| Date | Changes |
|---|---|
| 2013-06-15 |
|
| 2013-06-11 | First release. |
I’ve recently created a program called The Portia Puzzles, which includes a feature that some people have found interesting: it stores the progress made by the user so that, even if the browser gets closed, the next time the program is visited it remembers the puzzles you have already solved.
This functionality is based on a technology known as Web Storage, and even though it’s pretty straightforward to use, incorporating it in programs for the Khan Academy platform requires a bit of extra effort. Nothing difficult, though.
For the benefit of the people who have taken the effort to ask me about this, and of everyone else who might find this interesting in the future, I’m writing this short guide about using Web Storage in JavaScript programs. And more specifically, in K.A. programs.
Notice
This guide is about elements that are part of the HTML5+JavaScript stack of technologies. However, they are undocumented in the Khan Academy’s Computer Science section. The examples here, and the general approach used in them, may stop working in the K.A. environment in the future. Nonetheless, this can still be useful if you decide to create your own stand–alone HTML5 applications.
Beyond the technical factors involved in using HTML5 technologies like Web Storage inside the K.A., there are also social aspects that are worth considering when using undocumented features such as these.
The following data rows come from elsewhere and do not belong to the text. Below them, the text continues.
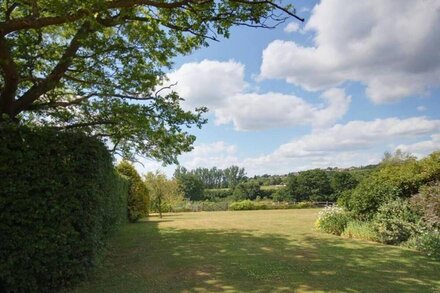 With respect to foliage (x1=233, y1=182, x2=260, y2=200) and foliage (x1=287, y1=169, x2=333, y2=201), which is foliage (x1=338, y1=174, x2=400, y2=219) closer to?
foliage (x1=287, y1=169, x2=333, y2=201)

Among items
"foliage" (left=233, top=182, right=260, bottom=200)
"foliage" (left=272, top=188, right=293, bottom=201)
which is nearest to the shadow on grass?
"foliage" (left=272, top=188, right=293, bottom=201)

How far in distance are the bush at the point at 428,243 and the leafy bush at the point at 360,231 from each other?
170 cm

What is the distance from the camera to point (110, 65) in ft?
39.5

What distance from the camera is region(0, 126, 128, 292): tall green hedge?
657 cm

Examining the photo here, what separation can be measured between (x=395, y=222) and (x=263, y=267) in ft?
19.5

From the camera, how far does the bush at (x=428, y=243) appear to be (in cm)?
1030

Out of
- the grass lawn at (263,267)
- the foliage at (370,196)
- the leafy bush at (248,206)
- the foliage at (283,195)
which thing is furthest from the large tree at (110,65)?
the foliage at (283,195)

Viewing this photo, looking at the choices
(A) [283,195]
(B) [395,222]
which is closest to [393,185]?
(B) [395,222]

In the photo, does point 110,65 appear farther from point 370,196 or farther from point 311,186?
point 311,186

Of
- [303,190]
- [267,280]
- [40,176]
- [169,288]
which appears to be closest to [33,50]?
[40,176]

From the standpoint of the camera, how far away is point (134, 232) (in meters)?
18.1

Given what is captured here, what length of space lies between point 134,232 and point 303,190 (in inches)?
1618

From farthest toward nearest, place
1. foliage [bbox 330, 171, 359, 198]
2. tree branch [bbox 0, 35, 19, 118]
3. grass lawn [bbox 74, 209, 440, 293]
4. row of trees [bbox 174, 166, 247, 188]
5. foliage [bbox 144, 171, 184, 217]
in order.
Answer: row of trees [bbox 174, 166, 247, 188], foliage [bbox 330, 171, 359, 198], foliage [bbox 144, 171, 184, 217], tree branch [bbox 0, 35, 19, 118], grass lawn [bbox 74, 209, 440, 293]

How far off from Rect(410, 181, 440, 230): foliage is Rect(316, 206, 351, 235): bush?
3.25 meters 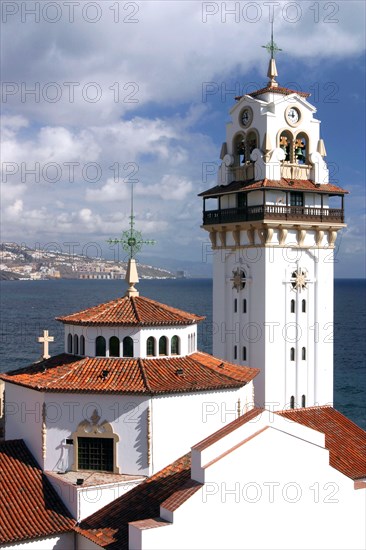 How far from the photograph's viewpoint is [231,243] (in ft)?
172

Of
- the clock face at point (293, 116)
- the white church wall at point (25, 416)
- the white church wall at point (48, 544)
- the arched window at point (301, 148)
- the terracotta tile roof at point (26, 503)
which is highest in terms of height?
the clock face at point (293, 116)

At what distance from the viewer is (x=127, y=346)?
35.4 m

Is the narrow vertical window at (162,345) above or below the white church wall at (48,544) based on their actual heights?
above

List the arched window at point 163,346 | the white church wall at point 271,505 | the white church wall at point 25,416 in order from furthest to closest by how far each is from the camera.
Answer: the arched window at point 163,346 → the white church wall at point 25,416 → the white church wall at point 271,505

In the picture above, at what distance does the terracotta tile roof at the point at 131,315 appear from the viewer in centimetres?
3519

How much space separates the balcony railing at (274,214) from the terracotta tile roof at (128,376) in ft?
48.8

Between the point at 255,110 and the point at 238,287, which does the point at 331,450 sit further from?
the point at 255,110

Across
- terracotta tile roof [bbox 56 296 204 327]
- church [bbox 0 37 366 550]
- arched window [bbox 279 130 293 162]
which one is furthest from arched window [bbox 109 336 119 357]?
arched window [bbox 279 130 293 162]

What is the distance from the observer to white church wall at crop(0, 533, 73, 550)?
29.6m

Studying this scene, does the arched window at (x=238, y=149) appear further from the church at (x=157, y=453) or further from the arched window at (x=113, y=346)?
the arched window at (x=113, y=346)

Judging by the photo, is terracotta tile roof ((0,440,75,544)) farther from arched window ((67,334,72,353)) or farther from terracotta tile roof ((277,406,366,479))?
terracotta tile roof ((277,406,366,479))

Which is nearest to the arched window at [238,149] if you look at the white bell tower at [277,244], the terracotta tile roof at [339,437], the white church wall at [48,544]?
the white bell tower at [277,244]

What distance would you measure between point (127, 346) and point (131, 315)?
4.97 feet

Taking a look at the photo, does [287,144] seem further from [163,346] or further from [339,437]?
[163,346] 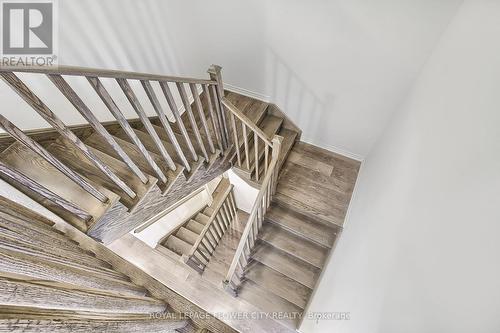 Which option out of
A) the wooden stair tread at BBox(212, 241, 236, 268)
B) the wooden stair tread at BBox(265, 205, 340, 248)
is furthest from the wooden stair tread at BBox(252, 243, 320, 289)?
the wooden stair tread at BBox(212, 241, 236, 268)

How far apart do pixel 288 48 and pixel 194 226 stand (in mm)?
3269

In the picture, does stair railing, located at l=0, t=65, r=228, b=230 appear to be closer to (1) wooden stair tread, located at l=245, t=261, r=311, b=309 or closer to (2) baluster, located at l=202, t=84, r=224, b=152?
(2) baluster, located at l=202, t=84, r=224, b=152

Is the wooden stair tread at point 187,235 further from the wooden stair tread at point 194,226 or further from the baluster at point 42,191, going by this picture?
the baluster at point 42,191

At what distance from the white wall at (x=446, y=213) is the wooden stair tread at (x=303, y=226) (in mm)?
1168

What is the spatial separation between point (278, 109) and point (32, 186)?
2.60 meters

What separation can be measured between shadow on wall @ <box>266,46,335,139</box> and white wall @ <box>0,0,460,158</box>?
Answer: 13mm

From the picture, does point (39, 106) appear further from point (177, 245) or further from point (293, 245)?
point (177, 245)

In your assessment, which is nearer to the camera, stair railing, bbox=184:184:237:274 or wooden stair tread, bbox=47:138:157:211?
wooden stair tread, bbox=47:138:157:211

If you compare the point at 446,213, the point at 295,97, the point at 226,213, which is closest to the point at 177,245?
the point at 226,213

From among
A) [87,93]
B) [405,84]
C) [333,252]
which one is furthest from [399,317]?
[87,93]

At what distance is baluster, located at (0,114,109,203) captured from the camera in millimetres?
828

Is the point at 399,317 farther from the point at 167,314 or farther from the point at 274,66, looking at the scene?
the point at 274,66

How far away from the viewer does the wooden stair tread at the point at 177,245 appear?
343 cm

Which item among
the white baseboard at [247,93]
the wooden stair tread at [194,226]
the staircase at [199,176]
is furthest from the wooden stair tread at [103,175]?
the wooden stair tread at [194,226] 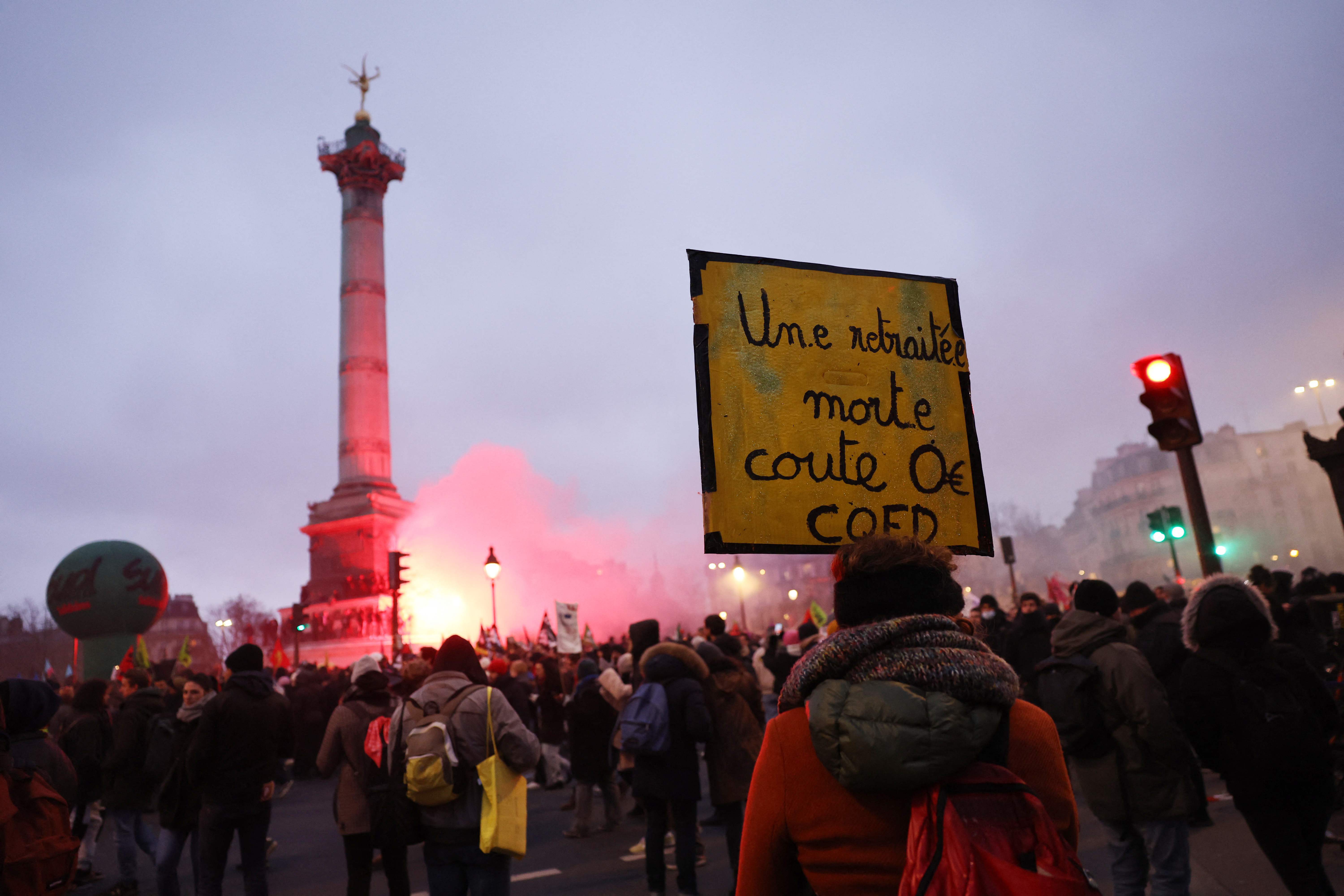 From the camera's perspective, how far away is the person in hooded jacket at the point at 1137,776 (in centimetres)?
430

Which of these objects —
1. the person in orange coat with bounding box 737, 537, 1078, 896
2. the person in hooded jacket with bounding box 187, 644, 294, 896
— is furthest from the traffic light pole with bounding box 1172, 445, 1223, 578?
the person in hooded jacket with bounding box 187, 644, 294, 896

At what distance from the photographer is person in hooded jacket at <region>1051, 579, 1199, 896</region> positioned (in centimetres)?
430

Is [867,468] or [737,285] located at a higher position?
[737,285]

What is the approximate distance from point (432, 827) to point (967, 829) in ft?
12.7

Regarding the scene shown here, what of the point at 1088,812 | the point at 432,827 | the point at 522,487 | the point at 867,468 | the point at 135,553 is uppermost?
the point at 522,487

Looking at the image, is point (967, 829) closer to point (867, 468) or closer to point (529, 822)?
point (867, 468)

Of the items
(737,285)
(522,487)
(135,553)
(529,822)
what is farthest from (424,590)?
(737,285)

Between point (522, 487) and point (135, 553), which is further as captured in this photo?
point (522, 487)

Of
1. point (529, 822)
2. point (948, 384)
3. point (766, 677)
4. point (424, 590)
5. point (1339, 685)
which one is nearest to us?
point (948, 384)

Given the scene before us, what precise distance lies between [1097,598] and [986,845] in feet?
12.2

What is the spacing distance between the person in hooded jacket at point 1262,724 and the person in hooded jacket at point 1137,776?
0.24 m

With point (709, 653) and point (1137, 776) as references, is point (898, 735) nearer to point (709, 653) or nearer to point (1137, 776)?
point (1137, 776)

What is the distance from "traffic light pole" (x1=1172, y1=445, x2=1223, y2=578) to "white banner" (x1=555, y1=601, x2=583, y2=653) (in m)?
13.9

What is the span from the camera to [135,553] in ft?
96.4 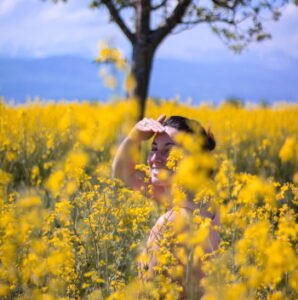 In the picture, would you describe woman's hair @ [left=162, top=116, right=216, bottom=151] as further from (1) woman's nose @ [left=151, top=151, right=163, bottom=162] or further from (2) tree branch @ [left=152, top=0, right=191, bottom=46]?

You may find the rationale behind my decision to write this guide in this document: The Khan Academy C.S. Sandbox.
I encourage you to use technologies like this responsibly, and to consider this as an opportunity to share your wonderful creativity and inspiration with the world, in ways that are both gratifying for you and uplifting to everyone around you.
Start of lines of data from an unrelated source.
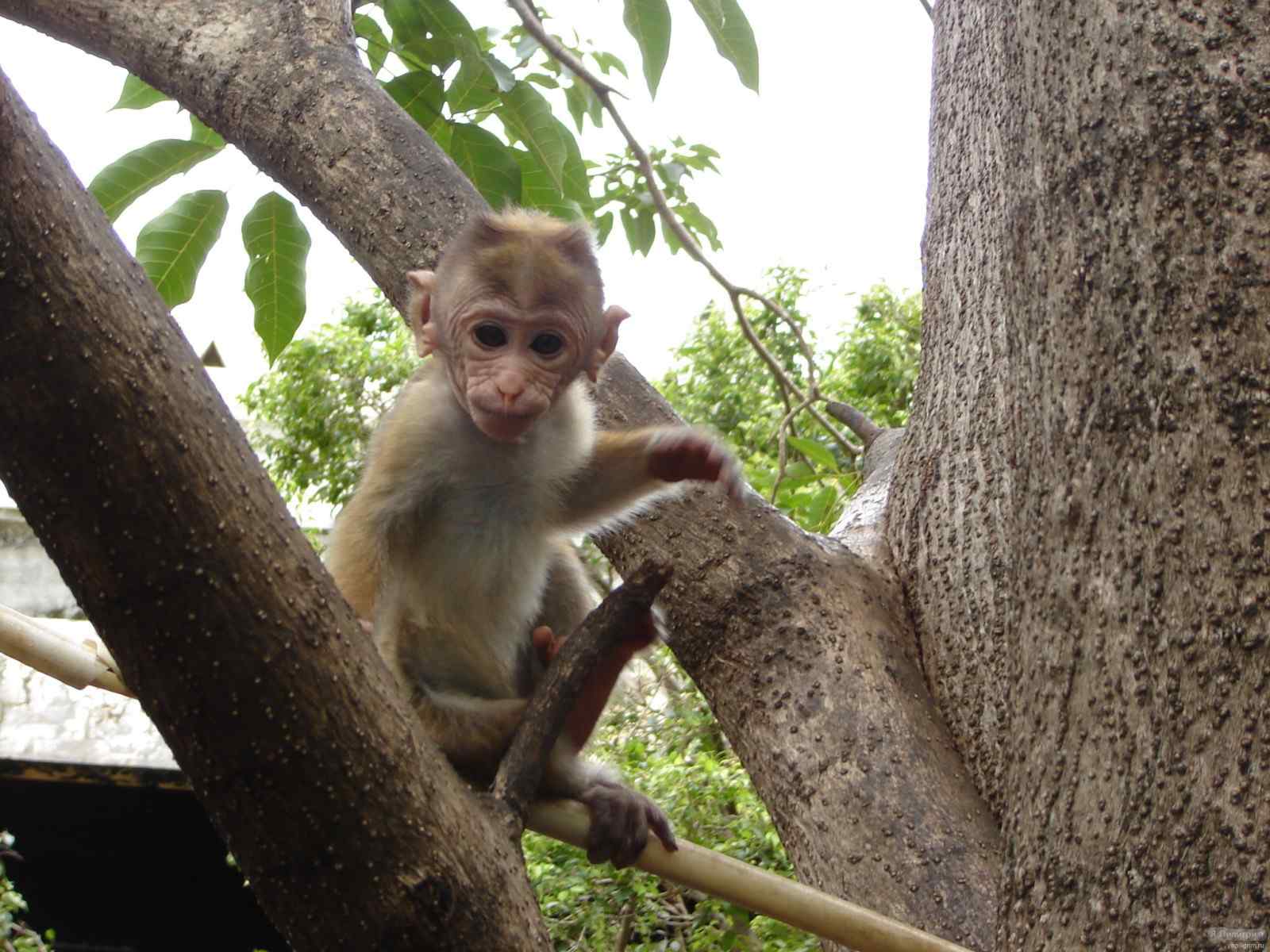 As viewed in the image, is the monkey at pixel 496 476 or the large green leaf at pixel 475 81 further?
the large green leaf at pixel 475 81

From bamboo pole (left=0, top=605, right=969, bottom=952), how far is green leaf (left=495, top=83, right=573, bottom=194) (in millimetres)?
1671

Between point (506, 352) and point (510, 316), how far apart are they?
0.25ft

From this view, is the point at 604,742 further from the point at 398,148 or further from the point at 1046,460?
the point at 1046,460

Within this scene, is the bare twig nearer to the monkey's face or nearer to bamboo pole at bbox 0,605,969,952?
the monkey's face

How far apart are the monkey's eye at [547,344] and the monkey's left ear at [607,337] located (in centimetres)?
14

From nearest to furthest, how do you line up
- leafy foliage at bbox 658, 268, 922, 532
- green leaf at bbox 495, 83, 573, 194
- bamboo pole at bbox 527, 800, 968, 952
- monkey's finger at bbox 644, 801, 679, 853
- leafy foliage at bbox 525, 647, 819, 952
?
bamboo pole at bbox 527, 800, 968, 952 < monkey's finger at bbox 644, 801, 679, 853 < green leaf at bbox 495, 83, 573, 194 < leafy foliage at bbox 525, 647, 819, 952 < leafy foliage at bbox 658, 268, 922, 532

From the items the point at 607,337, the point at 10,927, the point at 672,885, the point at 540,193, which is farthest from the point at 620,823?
the point at 10,927

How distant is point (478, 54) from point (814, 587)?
1598 millimetres

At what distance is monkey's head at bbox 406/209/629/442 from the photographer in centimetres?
276

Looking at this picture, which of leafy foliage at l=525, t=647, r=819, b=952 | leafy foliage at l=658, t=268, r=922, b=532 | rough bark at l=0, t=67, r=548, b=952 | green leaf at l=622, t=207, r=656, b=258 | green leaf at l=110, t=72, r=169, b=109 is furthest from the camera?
leafy foliage at l=658, t=268, r=922, b=532

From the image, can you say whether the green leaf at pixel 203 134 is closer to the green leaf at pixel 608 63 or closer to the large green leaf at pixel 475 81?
the large green leaf at pixel 475 81

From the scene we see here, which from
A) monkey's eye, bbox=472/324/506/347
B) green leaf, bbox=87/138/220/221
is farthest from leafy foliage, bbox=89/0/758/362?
monkey's eye, bbox=472/324/506/347

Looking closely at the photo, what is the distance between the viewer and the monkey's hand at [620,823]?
93.5 inches

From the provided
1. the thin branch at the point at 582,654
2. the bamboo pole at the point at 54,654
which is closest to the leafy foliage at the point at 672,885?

Let us begin. What is persistent storage? Well, it refers to any mechanism that allows you to store data, making it persist through time.
Imagine, for example, that we write a simple program that draws a tiny dot on the canvas, and that makes it possible to move the dot using the keyboard. To do this, we could try storing the dot’s position (its X and Y coordinates) in variables, and then, when the relevant keys are pressed, we modify those variables.
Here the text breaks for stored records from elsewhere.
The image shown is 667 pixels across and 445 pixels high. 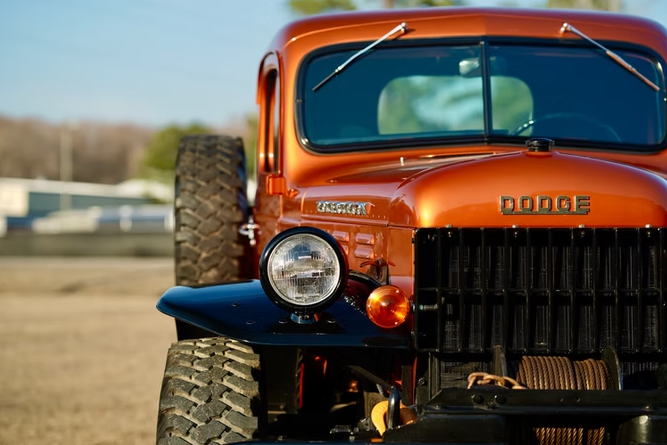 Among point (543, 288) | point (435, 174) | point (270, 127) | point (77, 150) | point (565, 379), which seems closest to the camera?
point (565, 379)

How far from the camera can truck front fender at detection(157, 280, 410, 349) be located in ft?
11.6

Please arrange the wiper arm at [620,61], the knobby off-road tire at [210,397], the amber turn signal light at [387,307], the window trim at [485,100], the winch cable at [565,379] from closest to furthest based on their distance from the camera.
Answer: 1. the winch cable at [565,379]
2. the knobby off-road tire at [210,397]
3. the amber turn signal light at [387,307]
4. the window trim at [485,100]
5. the wiper arm at [620,61]

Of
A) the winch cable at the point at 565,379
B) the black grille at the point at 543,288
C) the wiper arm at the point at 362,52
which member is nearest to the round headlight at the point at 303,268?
the black grille at the point at 543,288

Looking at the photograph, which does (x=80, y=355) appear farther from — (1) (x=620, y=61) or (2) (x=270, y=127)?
(1) (x=620, y=61)

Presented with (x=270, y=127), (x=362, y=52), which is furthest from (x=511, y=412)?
(x=270, y=127)

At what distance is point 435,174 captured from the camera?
3.72 m

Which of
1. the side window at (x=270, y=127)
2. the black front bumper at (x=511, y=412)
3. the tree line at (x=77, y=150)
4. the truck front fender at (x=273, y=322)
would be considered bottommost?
the black front bumper at (x=511, y=412)

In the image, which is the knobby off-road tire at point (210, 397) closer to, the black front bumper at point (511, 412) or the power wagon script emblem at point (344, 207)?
the black front bumper at point (511, 412)

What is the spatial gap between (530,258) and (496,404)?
59 cm

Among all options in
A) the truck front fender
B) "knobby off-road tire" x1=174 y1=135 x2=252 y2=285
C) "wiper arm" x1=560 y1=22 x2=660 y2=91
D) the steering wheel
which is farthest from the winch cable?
"knobby off-road tire" x1=174 y1=135 x2=252 y2=285

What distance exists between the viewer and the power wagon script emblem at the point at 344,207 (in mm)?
4184

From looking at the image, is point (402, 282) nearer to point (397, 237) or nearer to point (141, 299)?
point (397, 237)

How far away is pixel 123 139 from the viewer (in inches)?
3824

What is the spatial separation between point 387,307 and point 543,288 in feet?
1.76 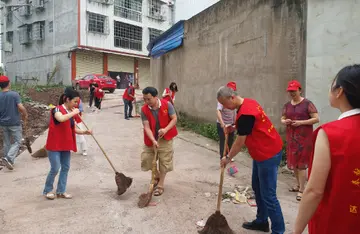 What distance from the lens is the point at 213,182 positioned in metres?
5.55

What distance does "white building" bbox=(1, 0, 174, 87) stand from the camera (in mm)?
27141

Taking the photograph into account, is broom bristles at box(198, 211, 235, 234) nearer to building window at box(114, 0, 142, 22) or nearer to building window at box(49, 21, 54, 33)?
building window at box(114, 0, 142, 22)

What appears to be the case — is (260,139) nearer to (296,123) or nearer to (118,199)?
(296,123)

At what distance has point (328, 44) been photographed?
5.50 meters

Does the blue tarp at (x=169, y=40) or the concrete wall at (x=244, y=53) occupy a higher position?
the blue tarp at (x=169, y=40)

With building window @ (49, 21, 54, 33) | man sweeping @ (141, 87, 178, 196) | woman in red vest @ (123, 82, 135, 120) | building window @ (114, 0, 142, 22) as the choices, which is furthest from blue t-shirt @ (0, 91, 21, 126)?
building window @ (49, 21, 54, 33)

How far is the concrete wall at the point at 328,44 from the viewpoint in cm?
521

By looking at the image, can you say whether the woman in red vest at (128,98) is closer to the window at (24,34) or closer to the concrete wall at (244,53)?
the concrete wall at (244,53)

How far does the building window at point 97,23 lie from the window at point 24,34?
7.69m

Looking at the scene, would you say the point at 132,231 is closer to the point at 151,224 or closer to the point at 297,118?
the point at 151,224

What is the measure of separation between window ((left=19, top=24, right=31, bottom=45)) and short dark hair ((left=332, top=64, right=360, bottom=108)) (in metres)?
33.7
However, as you may have noticed, variables are —by its very nature— volatile. What I mean is, if we restart our program, or leave the program and launch it again, the variables will not “remember” the last state they were in. It will be as if we’re running the program for the first time, every time. Is it possible to improve our dot program, to make it remember its position even after the program is closed? It turns out it is!
A common mechanism to store data persistently in web applications is to use Cookies; small pieces of data that are interchanged between the application and the user’s browser, and stored by the latter. Cookies got popularized many years ago, practically from the beginning of the Web as we know it, and are a good alternative. However, there are some downsides to them. For instance, they have a relatively small size limit (cookies are usually rectricted to about 4kb), they have to be transmitted back and forth for every request from the client to the server, and they require doing things like negotiating their “expiration times”, which in many situations feels like an unnecessary hassle.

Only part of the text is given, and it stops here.